#### What you should do:
The expected output is each line from the one containing "Circa Fight House at Stadium Swim - Flyer" to the last line of the data below, set down exactly, minus the pictures.

#### Raw data:
################
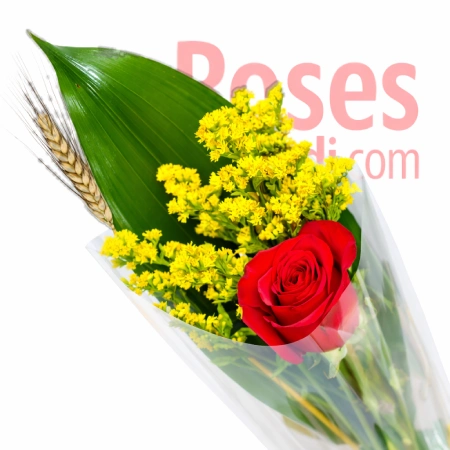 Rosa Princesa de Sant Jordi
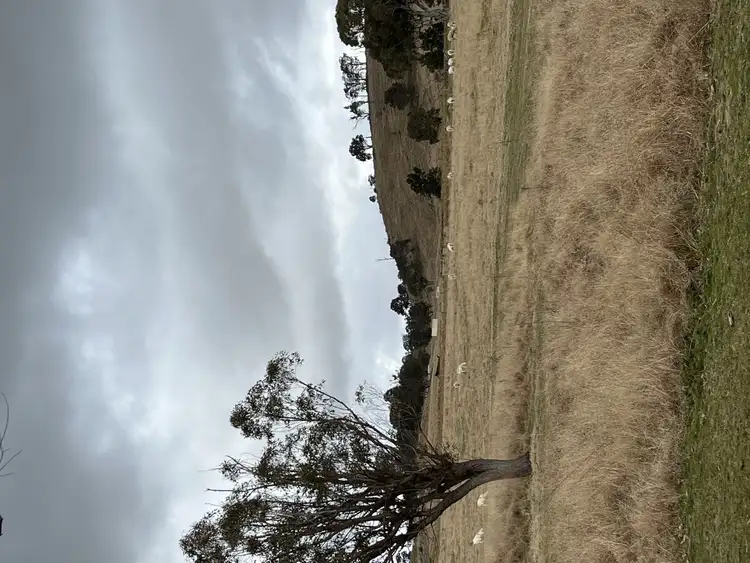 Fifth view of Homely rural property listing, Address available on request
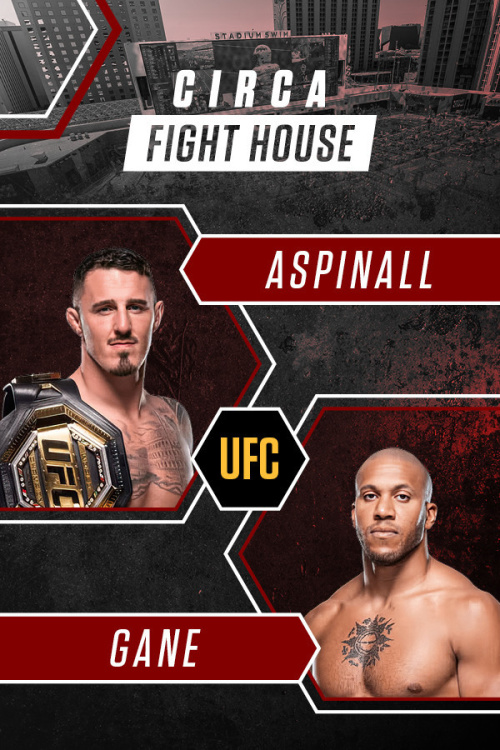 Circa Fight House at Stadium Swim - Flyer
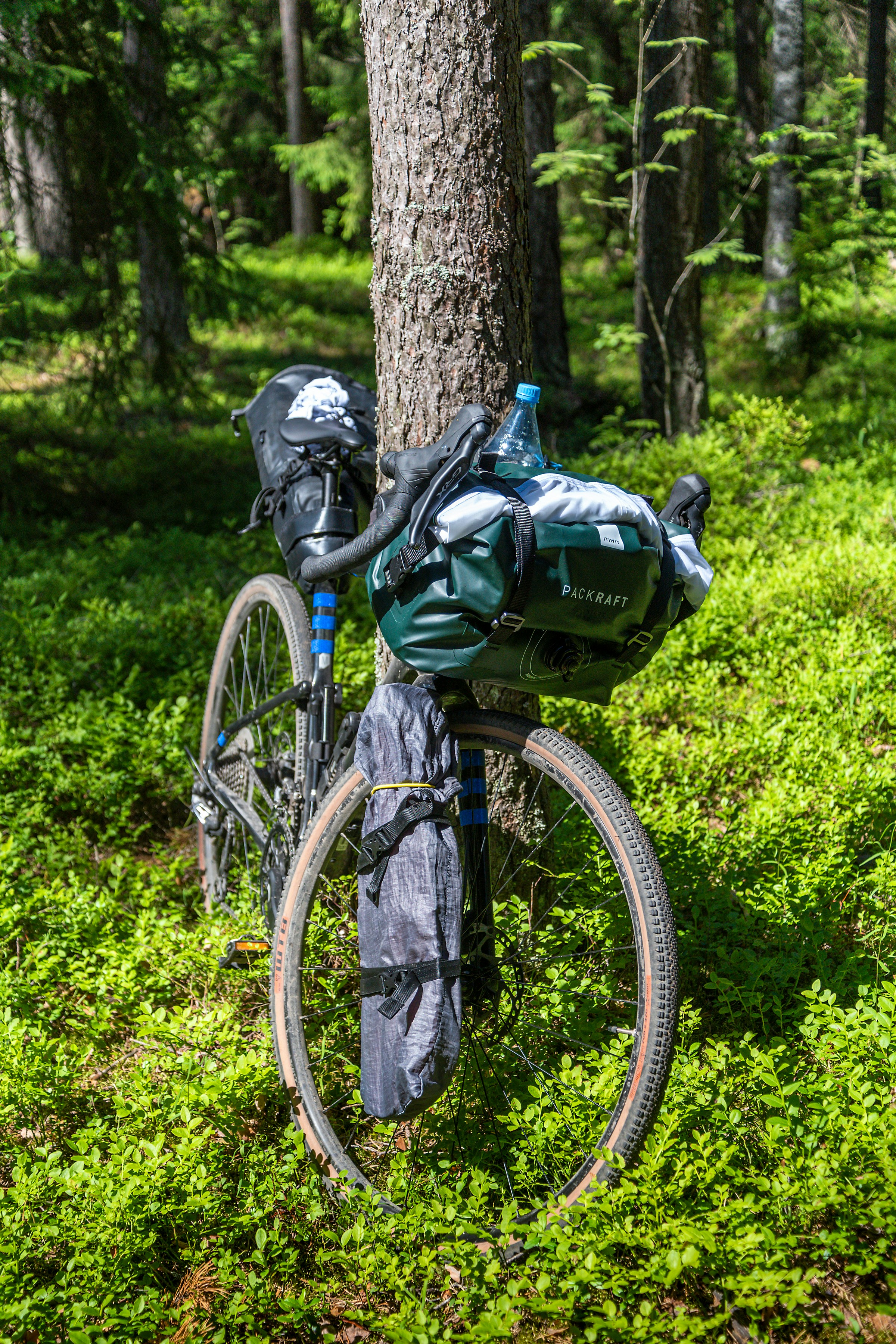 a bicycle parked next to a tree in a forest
################
#### Finished exercise:
 Circa Fight House at Stadium Swim - Flyer
 a bicycle parked next to a tree in a forest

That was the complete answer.